Beef · Cooking · Rhubarb

Roast rump of beef…

I’ve spent the last four days enjoying everything our little slice of Norfolk has to offer.

Instead of getting on with farm chores (apart from the essential, every day chores), I have spent lots of time catching up with friends, laughing, drinking, cooking, gardening, walking and eating out, it’s been idyllic and has felt like a proper break.

When you have times like that, you really appreciate the little things in life.

Yesterday afternoon, as the long weekend drew to a close I took a walk round the garden in the sunshine to admire all the new plants in bloom, it really was cathartic after such a full on weekend.

…delicate cowslips
…blossom lining the drive

We ended the weekend with a belated Easter supper, cooking one of our Highland Rump Joints – enjoying it with thyme roast potaotes, honey glazed parsnips, caramelised carrots and garlic and chilli cavolo nero.

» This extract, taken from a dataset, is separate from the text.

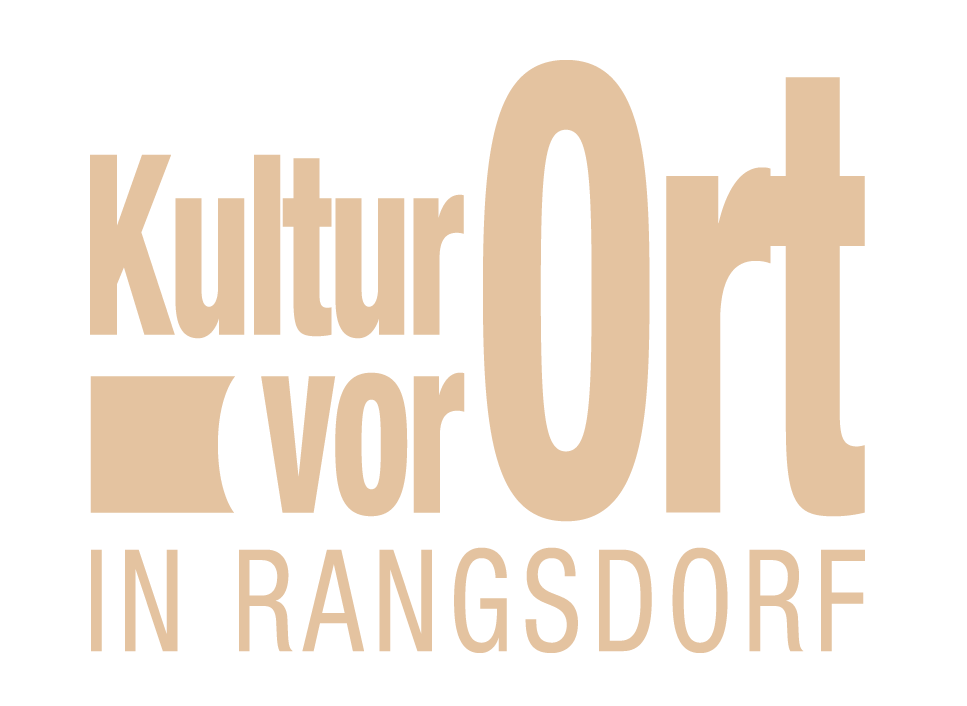 Kulturverein Rangsdorf e.V.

Cooked rare, it really was a treat. Roast beef isn’t something we have very often so this made a wonderful change.

Rump of beef marinating…

To finish it off I’d spent time earlier in the day preparing Elderflower and Vanilla Panna Cotta with Rhubarb Sorbet and Poached Rhubarb.

It was a recipe I’d seen in Feast magazine by Galton Blackiston and had wanted to give it a go for a while.

It look a bit of time to pull together but was fairly straight forward and looked pretty good too. The dish really brought out the gorgeous pinkness of the fruit.

Rhubarb goodness…

It was a nice change to use rhubarb in a light, refreshing dish – all too often it is presented in heavier desserts like crumbles and cakes.